Teresa Biondi, antropologa cinematografica dell’Università di Modena, ha sottolineato il ruolo dell’antropologia filmica nella rappresentazione di dinamiche culturali discriminatorie dal punto di vista dell’identità di genere e sessuale e nella promozione di identità libere e pienamente autonome. In particolare, la studiosa si è soffermata sulla capacità del regista Visconti nell’utilizzare il mezzo filmico per promuovere una cultura dell’emancipazione dalle gabbie sessiste e dogmatiche, al fine di rappresentare realmente come le persone vivono la propria identità sessuale, all’interno di un contesto socio-culturale, quello dell’Italia anni ’50 e ’60, in cui tali tematiche erano molto difficili da affrontare.
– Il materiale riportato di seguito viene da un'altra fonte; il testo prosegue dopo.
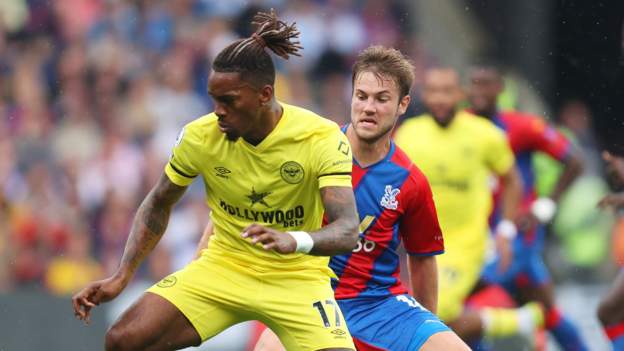 Crystal Palace 0-0 Brentford: Bees hold Eagles to goalless draw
E’ stata proprio la narrazione della sofferenza e la messa in scena della violenza simbolica il nodo centrale della cinematografia viscontiana, la quale si è trasformata progressivamente in una modalità di racconto di valori umani autentici, che travalicano le differenze sessuali o di genere, abbattendo le stigmatizzazioni e i pregiudizi di una tradizione essenzialmente proibizionista.
L’ultimo intervento, di Mario Pesce, dottorando presso l’Università Roma Tre, si è concentrato attorno agli studi da lui effettuati sui trans sudamericani, specialmente di quelli migrati in Italia, dai quali è nato un documentario ‘Translatina’, riguardante i sogni e le delusioni vissuti dalle ‘immigrate’ latino-americane nel nostro paese. Pesce ha messo in luce come l’assolutizzazione delle differenze di genere uomo/donna deve essere decostruita, al fine di comprendere come l’identità rappresenti una cocostruzione superabile nella vita individuale. A tal proposito, egli ha individuato nell’identità sessuale un elemento stabilito per la persona sin dalla nascita e fissato dai cd ‘normali’. La diversità sessuale si tradurrebbe in un’incapacità di comprensione e di dialogo tra le differenze, e quindi ad una chiusura e marginalizzazione costante del ‘diverso’, considerato potenziale produttore di conflitti sociali in quanto non appartenente ad un genere ben definito e quindi difficile da classificare. Nei trans migranti vi sarebbero poi, due livelli di discriminazione, legati, da un lato, alla labile identità sessuale, e dall’altro, alla condizione di migrante, quindi di non appartenente a nessun luogo.